All of the lines below need to be copied exactly, apart from the pictures.

--------

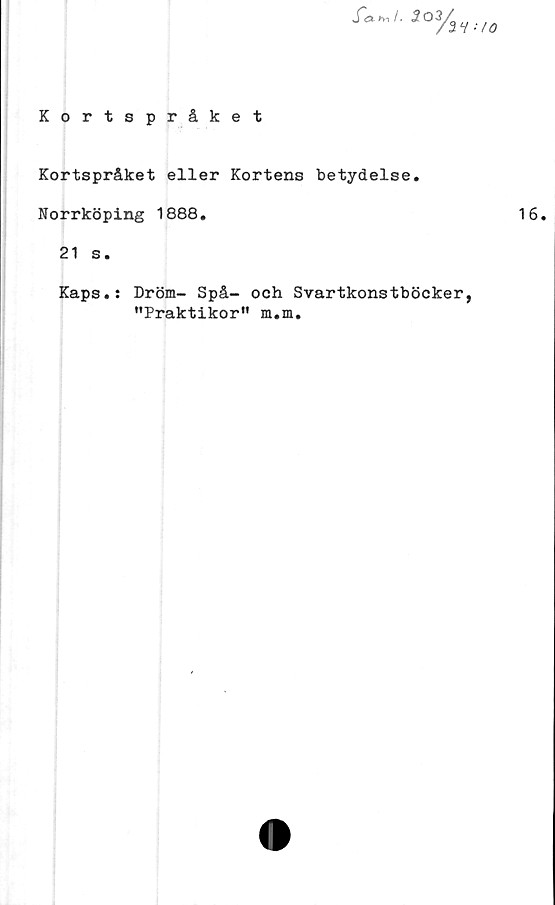  ﻿2V-/Ö
Kortspråket
Kortspråket eller Kortens betydelse.
Norrköping 1888.
21 s.
Kaps.: Dröm- Spå- och Svartkonstböcker,
"Praktikor" m.m.
16.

--------

▶ EXERCISE SOLUTION
  ﻿2V-/Ö
Kortspråket
Kortspråket eller Kortens betydelse.
Norrköping 1888.
21 s.
Kaps.: Dröm- Spå- och Svartkonstböcker,
"Praktikor" m.m.
16.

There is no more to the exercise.